Dell EMC chief technology officer Dr. Florian Baumann, Ph.D, discussed with SAE’s Autonomous Vehicle Engineering the important role of storage systems and data management in the face of growing data volumes and increasing performance requirements.

AVE: What benefits can automotive companies gain by using remote storage?

Baumann: A remote data lake increases engineering productivity and reduces license costs, as well as infrastructure costs. Automotive customers are storing data in a centralized data lake located remotely instead of having CPUs, GPUs and storage nodes at different sites, each with their own software licenses. Compute jobs can be started locally at the remote data lake.

AVE: How do GPUs and artificial intelligence change user requirements?

Baumann: GPUs massively enhance the training and inferencing performance of artificial intelligence (AI) systems and deep-learning algorithms. Further, they are providing the vector math to offload the workload from the CPU. Deploying AI assumes new user requirements, including an end-to-end training toolchain. Efficient storage management is critical for gaining the full benefits that GPUs offer.

AVE: Can remote storage meet demanding access times?

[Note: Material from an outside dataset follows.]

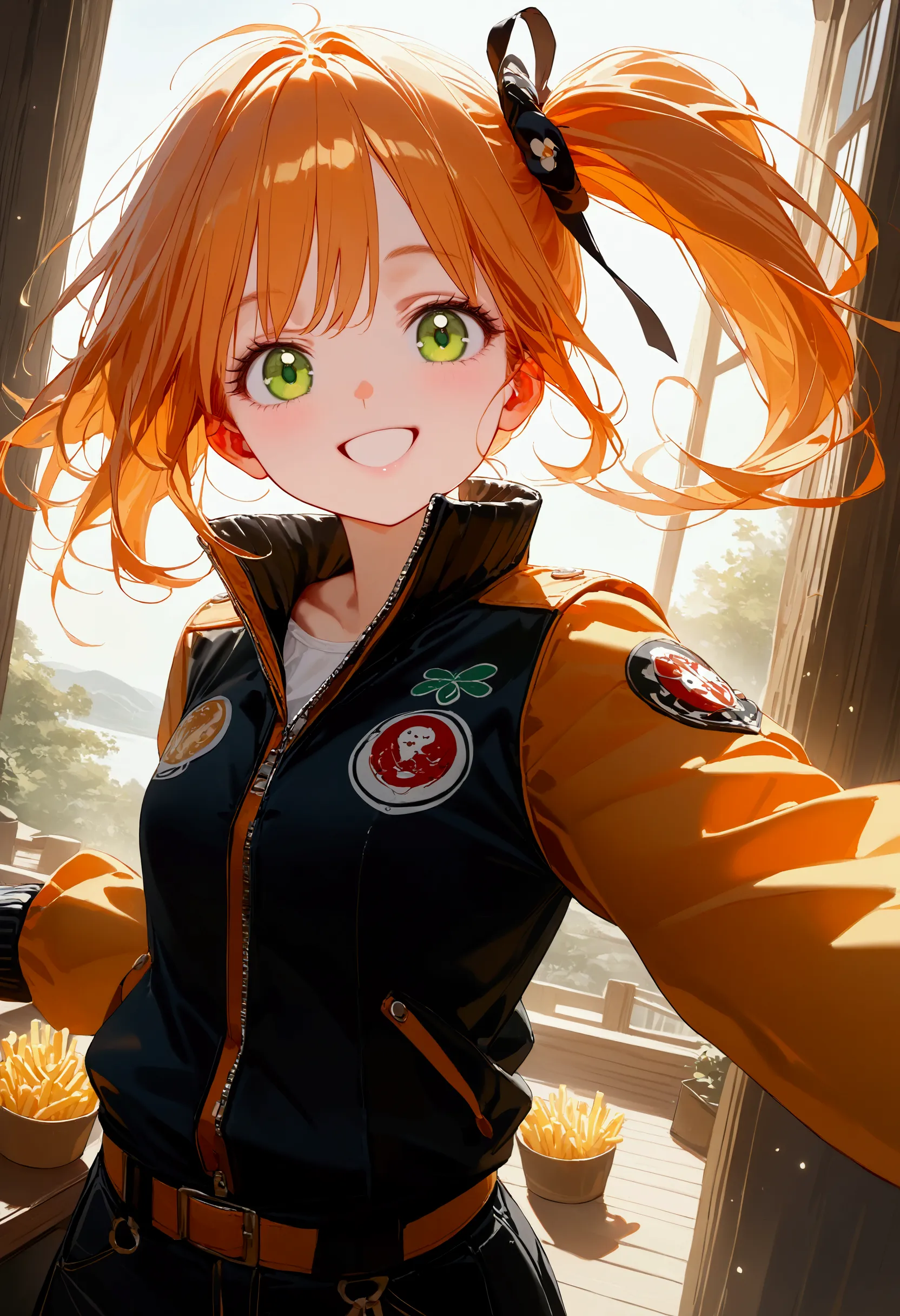 @タカヒロ, 1girl\(cute,orange hair,riders jacket,small breasts,shining green eyes, big eyes,side ponytail,,(big smile),beautiful smi...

Baumann: A well-designed centralized data lake architecture that’s located remotely can meet demanding access times and bandwidth requirements. Data ingestion from the vehicle to the R&D center and then to the remote data lake is a prominent and very challenging task in the development of ADAS and autonomous-driving systems.

A vehicle’s data collection can generate up to 100 terabytes per day. To meet the access times and counter limited bandwidth on wide area network (WAN) lines, a local cache serves as a buffer before data is moved to the remote data lake. Typical service-level agreements are that data must be offloaded from the vehicle in less than four hours and ingested into the remote data lake in less than 24 hours. Tools such as UDP file acceleration help to fully utilize the WAN line.

And a combination between on-premises infrastructure and public cloud architecture — also referred to as Hybrid Cloud — can help to counter peak workloads.

AVE: Does the expansion from petabytes to exabytes impact data integrity?

Baumann: Moving from petabyte scale to exabyte scale requires a well-established process for data management as well as meta-data management. Files, objects and sensor metadata (city, road surface, weather, light level, traffic level, etc.) should be registered and tracked in a database, with its location on the storage. Further, it is crucial that the performance, storage and database capabilities all scale to meet larger data volumes without impacting legacy tests, information, or infrastructure management complexity.

AVE: What storage-management techniques are used to enhance data mining and analysis?

Baumann: To enhance data mining, analytics and the training of machine-learning algorithms, data-management systems must be in place. A data-management system is software that receives sensor data as well as metadata. If we choose the task of object detection, sensor data is the image, while metadata are bounding boxes around the objects that should be detected. A data-management system serves as a control unit to which developers can connect to access and locate data and metadata to train the machine-learning algorithms.

AVE: How can data be transferred to storage repositories?

Baumann: Data is usually transferred virtually through WAN lines from the remote site to the central data lake. Alternatively, storage cartridges are physically sent by postal service. The virtual data transfer and ingest is done using UDP file acceleration; a 10-gigabyte file can be transferred from U.S. to Europe through a 1 Gbit WAN line in 1-2 minutes.

Additionally, data can be compressed or data-cleaning methods applied before transferring the data. Data-cleaning methods are specific algorithms applied to the data to identify meaningful data that can be used to train the final system.